=== WORKING DATA ===
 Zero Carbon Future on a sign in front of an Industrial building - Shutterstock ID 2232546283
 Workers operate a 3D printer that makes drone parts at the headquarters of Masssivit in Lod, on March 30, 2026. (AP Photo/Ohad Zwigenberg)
===
=== WORKING DATA ===
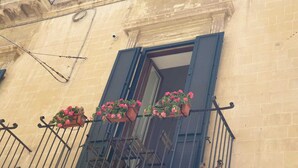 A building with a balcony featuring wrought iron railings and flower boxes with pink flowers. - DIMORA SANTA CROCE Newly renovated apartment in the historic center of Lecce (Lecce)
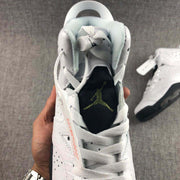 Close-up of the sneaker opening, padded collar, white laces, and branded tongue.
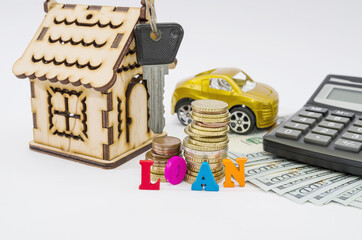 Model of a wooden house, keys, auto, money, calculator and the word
===
=== WORKING DATA ===
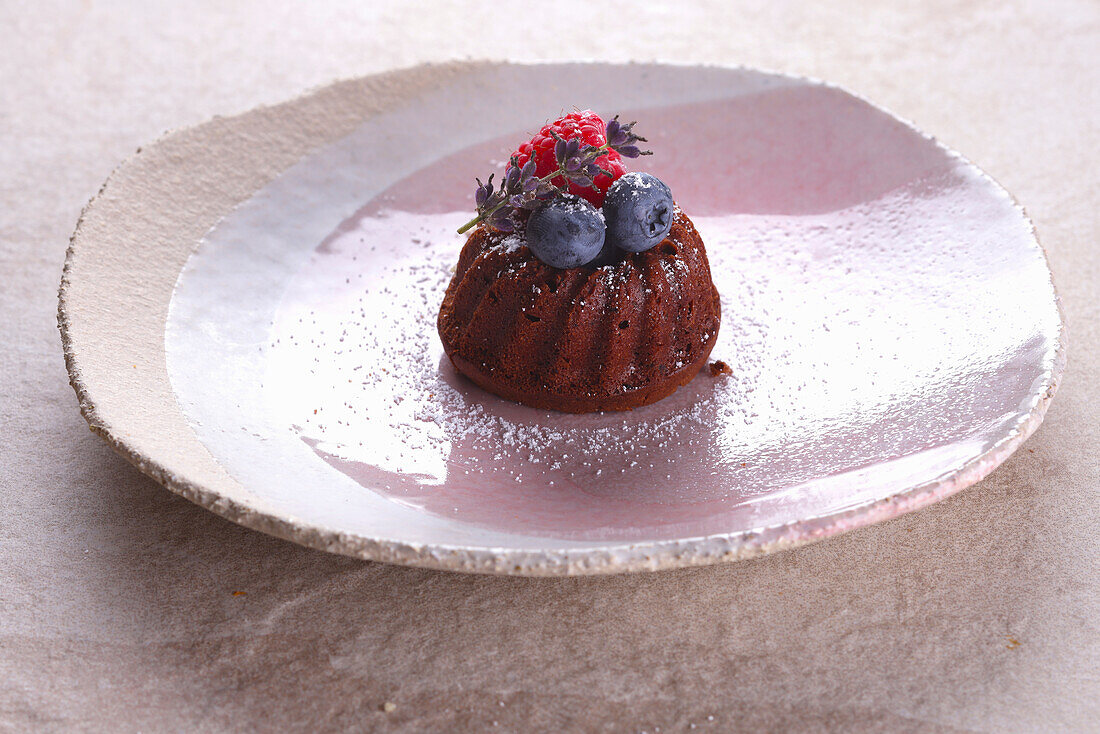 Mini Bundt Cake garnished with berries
===
TASK ITEM:
Retype exactly, and only, the lines above from the one where "Zero Carbon Future" occurs up to and including the one where "Workers operate a" occurs.

OUTPUT OF THE TASK:
 Zero Carbon Future on a sign in front of an Industrial building - Shutterstock ID 2232546283
 Workers operate a 3D printer that makes drone parts at the headquarters of Masssivit in Lod, on March 30, 2026. (AP Photo/Ohad Zwigenberg)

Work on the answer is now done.